▶ Information shown:
● ● ● ●

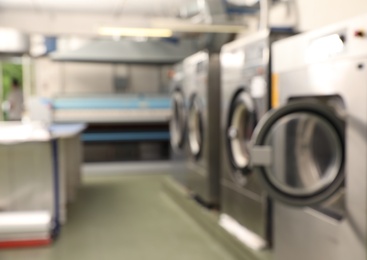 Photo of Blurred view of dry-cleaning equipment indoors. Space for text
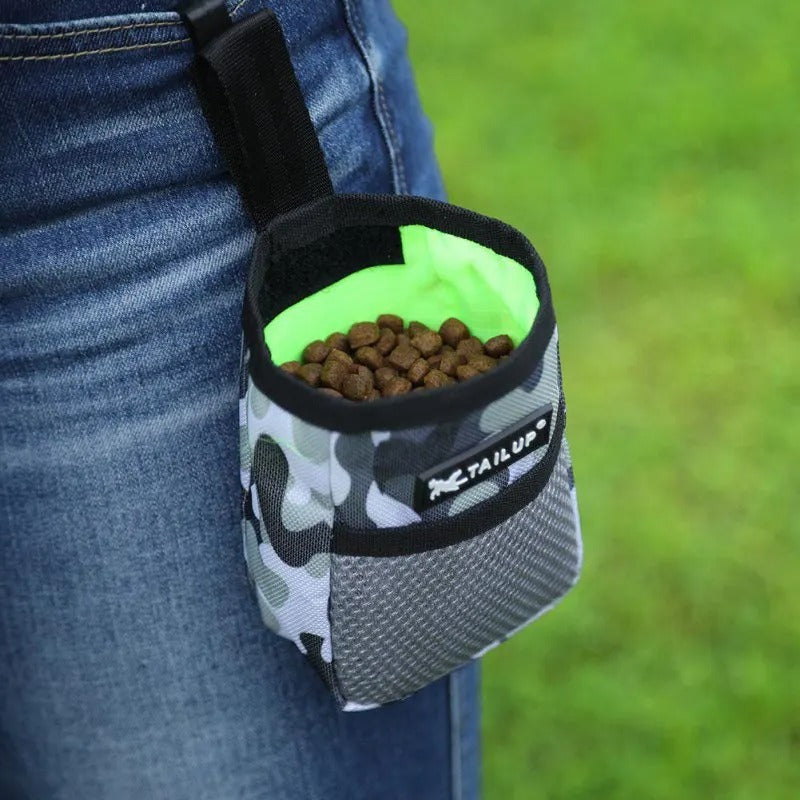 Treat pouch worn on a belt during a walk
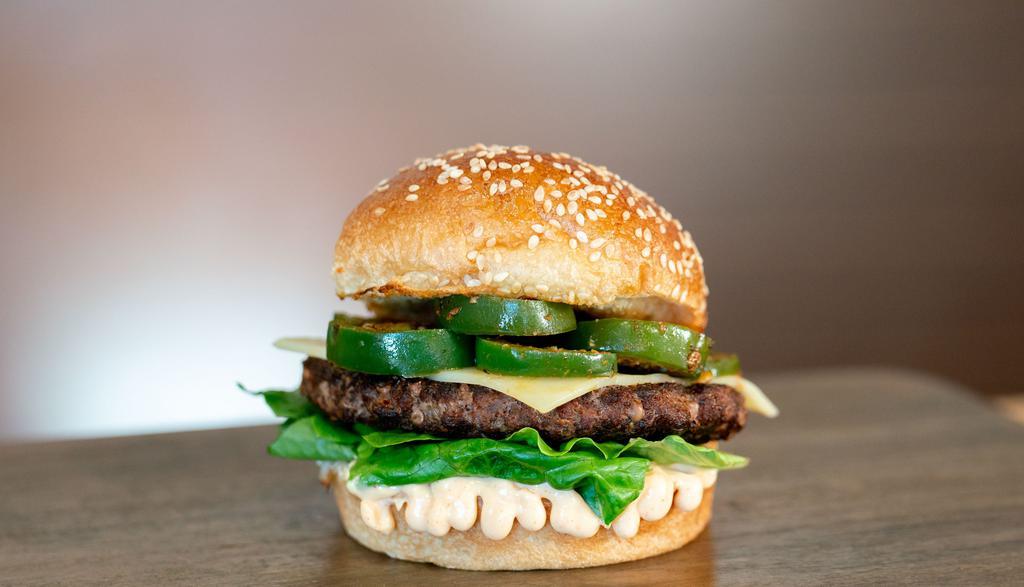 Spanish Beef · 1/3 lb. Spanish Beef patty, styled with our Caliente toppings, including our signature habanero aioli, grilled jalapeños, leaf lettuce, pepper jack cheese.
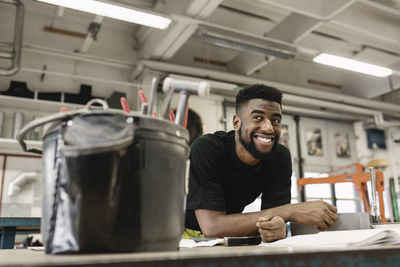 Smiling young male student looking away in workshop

● ● ● ●

▶ Prompt: Could you print the data exactly as it appears and keep the pictures out?

▶ Output for this task:
 Photo of Blurred view of dry-cleaning equipment indoors. Space for text
 Treat pouch worn on a belt during a walk
 Spanish Beef · 1/3 lb. Spanish Beef patty, styled with our Caliente toppings, including our signature habanero aioli, grilled jalapeños, leaf lettuce, pepper jack cheese.
 Smiling young male student looking away in workshop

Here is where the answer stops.